Harrisburg couple donates $1.3M to HACC

HACC received an almost $1.3 million donation from the estate of a Harrisburg couple.
(l-r)HACC President John J. “Ski” Sygielski,, HACC Foundation Executive Director Dr. Linnie Carter, Mark Mateya. (Photo: Submitted)

Harrisburg Area Community College has received the largest donation in its history – a $1.3 million grant that will be used to fund programs in science, technology, engineering, arts and math.

HACC officials first learned of the gift, made to its foundation, last fall.

The donation of approximately $1,295,305.30 will support the college’s STEAM initiatives and will almost cover the $1.5 million goal the community college planned to raise for the program, according to John J. Sygielski, HACC president. STEAM stands for science, technology, engineering, arts and math.

“It’s really a monumental day for HACC,” he said.

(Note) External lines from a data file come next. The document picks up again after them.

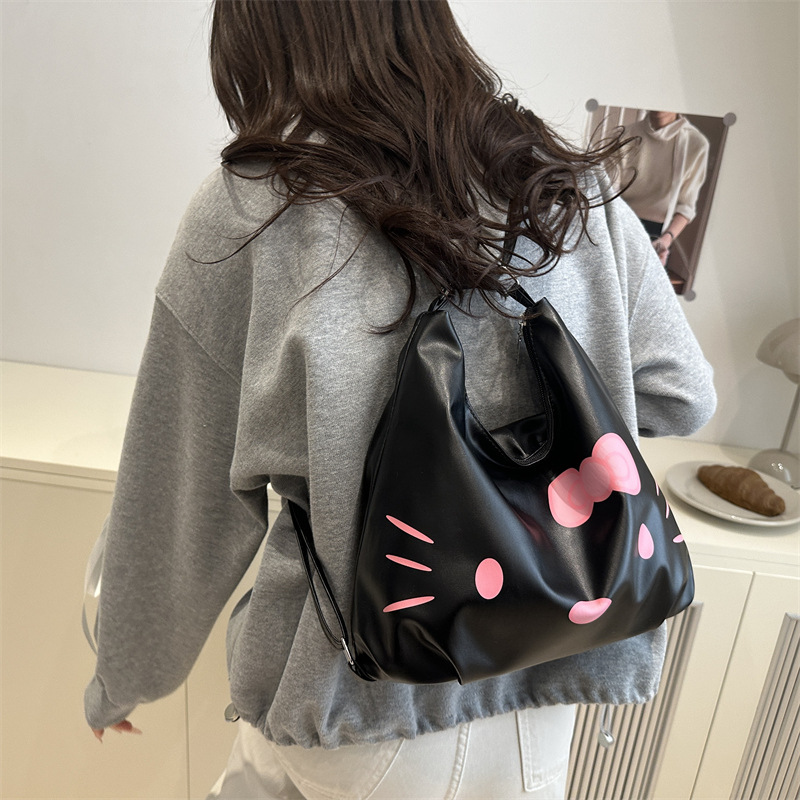 A new casual little cat fashion bag for women, a versatile commuter bag, a student single-shoulder crossbody bag, and a popular women's bag full figure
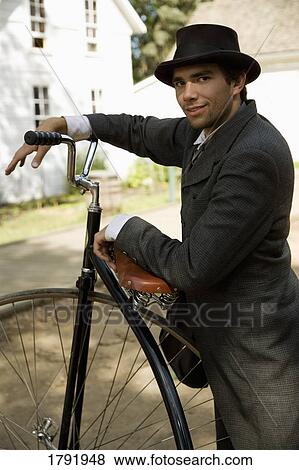 Stock Photo - Man in period costume with an antique unicycle. Fotosearch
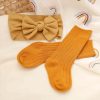 Soft mustard yellow ribbed socks and matching headband with a bow on a cozy white background. Perfect for stylish, comfortable women's fashion accessories at Monalisa Store.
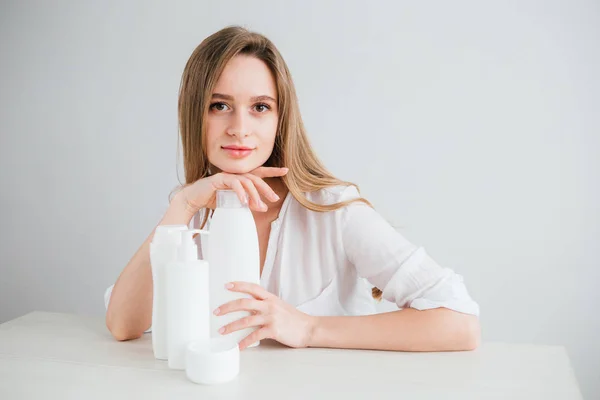 Joven hermosa chica con botellas de cosméticos blancos de diferentes tamaños — Foto de Stock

The gift is from Gloria W. Paxton, who died in 2017, and represents 70 percent of the estate belonging to her and her late husband, John E. Paxton. He died in 2007.

The couple, who lived in Harrisburg, were involved in philanthropic activities their entire lives, according to Mark Mateya of the Carlisle-based Mateya Law Firm.

The Paxtons’ estate was handled by the late Harry Bricker, a Harrisburg-based attorney, who died in 2016. Mateya took over the estate and, after Gloria Paxton died, he contacted the college to inform them of her bequest.

The couple had connections to HACC, Mateya said, as John Paxton worked as a surveyor on a few of the campus’s oldest buildings and Gloria Paxton participated in HACC events and activities.

The donation was the first gift the couple made to HACC, according to Dr. Linnie Carter, vice president of college advancement and executive director of the HACC Foundation.

It will be used to establish the John E. and Gloria W. Paxton Fund for Excellence in STEAM, which will support technology and related programs at the school.

The fund won’t be used to support any capital projects, Carter said.

According to HACC’s website, the fund will help pay for projects such as Full STEAM Ahead, a mentoring program for underrepresented or marginalized first-time college students enrolled in STEAM programs; and Achieving the STEAM, a selective cybersecurity program that will help underrepresented students receive access to full scholarships and off-campus housing stipends.

In addition, funding will help provide students free access to STEAM textbooks, as well as allow faculty to design and create degrees for STEAM disciplines.

Finally, the funding will provide more video classrooms that will allow students to virtually attend classes that are not offered at their home campus. Students who would otherwise have to travel to another campus to attend a class required for their majors will be able to remain at their home campuses to “attend” the class, according to the HACC website.

Carter said that while the Paxtons did not have children, their gift will benefit thousands of HACC students now and in the future.

“They now have 18,000 children in our HACC students,” she said.

HACC was established in 1967 and currently offers 100 career and transfer associate degrees, certificates and diplomas. It has campuses in Harrisburg, Gettysburg, Lancaster, Lebanon and York.

The HACC Foundation is a nonprofit organization established in 1985 to raise private and corporate revenues in support of HACC. It provides funding for student scholarships, academic programs, training equipment and modernized facilities.